I would doubt that Plato would have ever heard of crucifixion, certainly it was not common to his setting.

Atethnekos said
john76: The translation of Plato’s Republic I do not think would be accurate. The Greek is ἀνασχινδυλεύω. The LSJ does not list crucifixion as part of its definition or anything related. The basic idea of any such “schi-” word is separation or splitting apart (as in schizophrenia). The normal translation in this case is that the man will be “impaled”. I agree that people have translated this passage from Plato as involving crucifixion. I think this has to do with Christians seeing Plato as prefiguring Christianity, and not with getting an accurate translation.I would doubt that Plato would have ever heard of crucifixion, certainly it was not common to his setting.
Hi Atethnekos:
I am aware of the etymology and there is nothing wrong with translating the word as “crucifixion,” since “crucifixion” in ancient times was understood as a form of “impalement.”
And there is every reason to think Plato would be familiar with the punishment of crucifixion. Crucifixion (or impalement), in one form or another, was used in pre-Roman times by the Persians, Carthaginians, and Macedonians. In his Histories, ix.120–122, the Greek writer Herodotus describes the execution of a Persian general at the hands of Athenians in about 479 BC: “They nailed him to a plank and hung him up … this Artayctes who suffered death by crucifixion.” The Commentary on Herodotus by How and Wells remarks: “They crucified him with hands and feet stretched out and nailed to cross-pieces; cf. vii.33.”
But this is all really beside the point. My argument was that the early Christian writers could have seen the passage in Plato and used it along with Isaiah 53, Psalm 22 and the Wisdom of Solomon to invent Jesus’ crucifixion narrative as haggadic midrash. Even if you are right (which I doubt), these early Christian writers could have seen the word “impaled” in Plato and interpreted it from the point of view of the popular punishment of their time, namely crucifixion. The early Christian writers were not really concerned with preserving the original meaning of the texts they were using for haggadic midrash.
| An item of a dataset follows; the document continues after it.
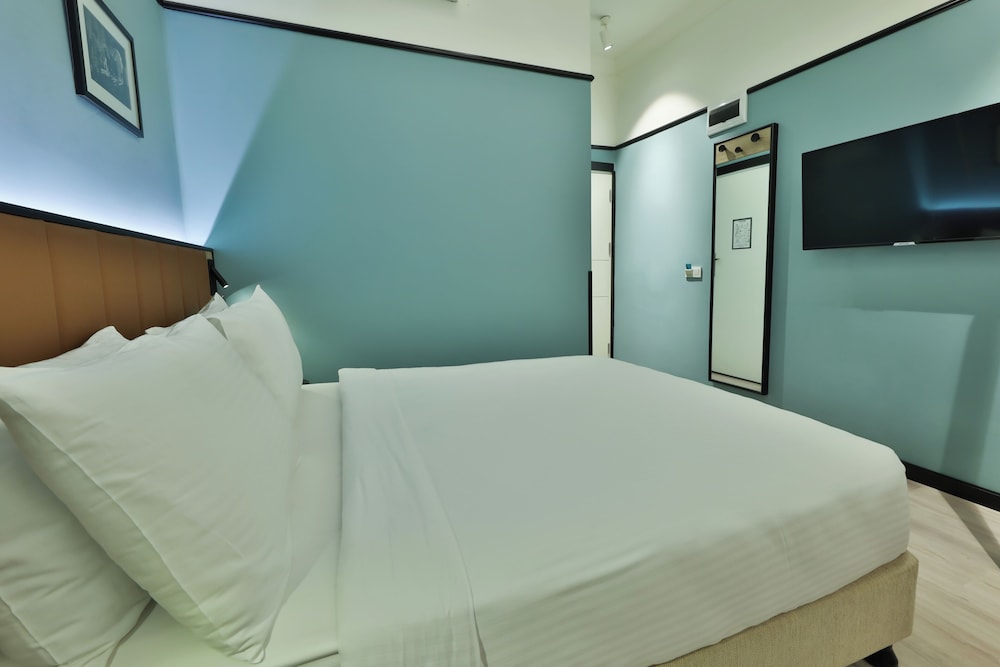 Exclusive Double Room photo 2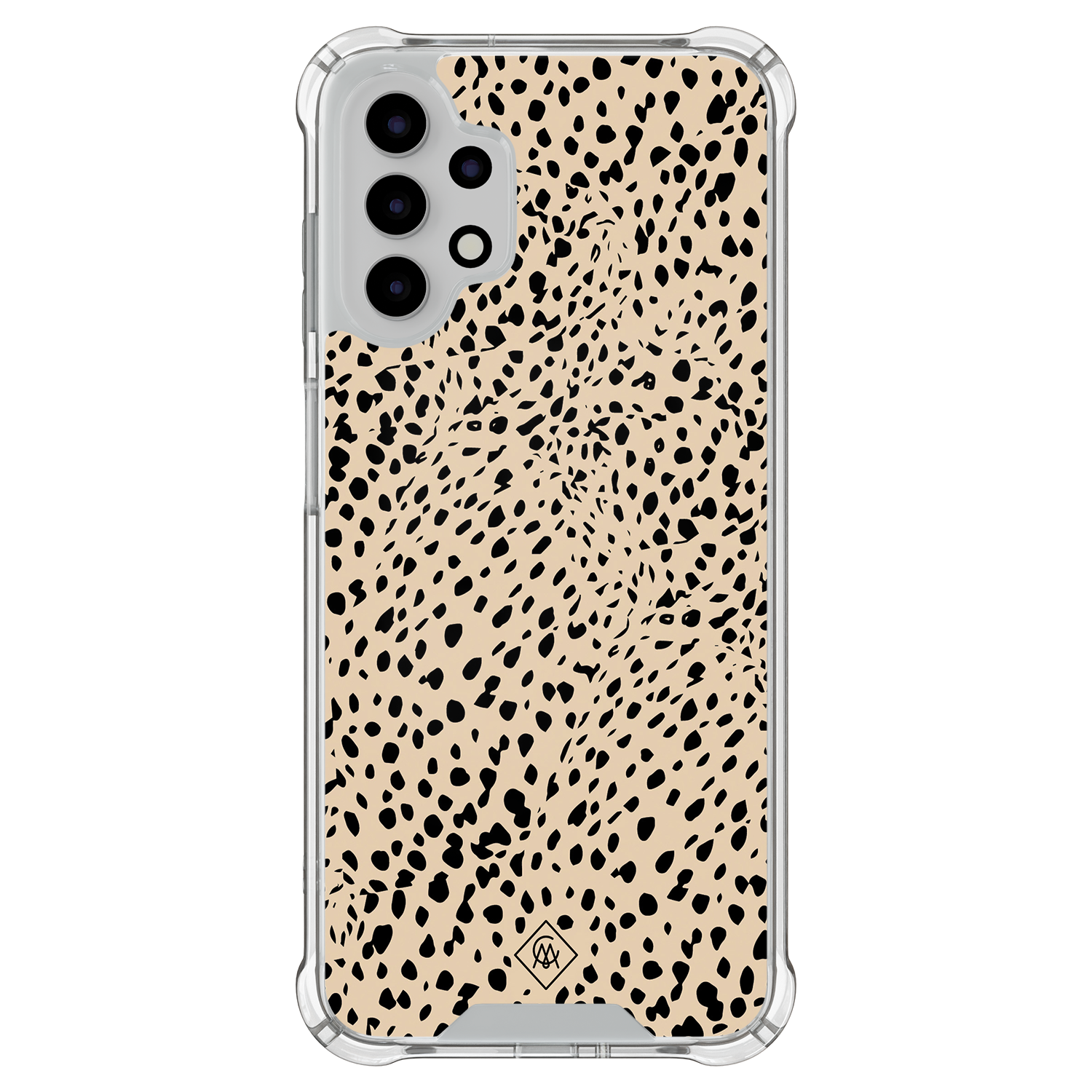 Samsung Galaxy A13 4G shockproof hoesje Spot on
For example, they used “Out of Egypt I have called my son (Hosea 11:1)” to invent a story about the young Jesus in Egypt, even thought in the Old Testament original “son” referred to the Jewish people, not a specific person.
The main point is to begin to see the stories about Jesus as a bunch of deceptions and lies, just like the miraculous stories about Muhammad, Apollonius of Tyana, and Joseph Smith.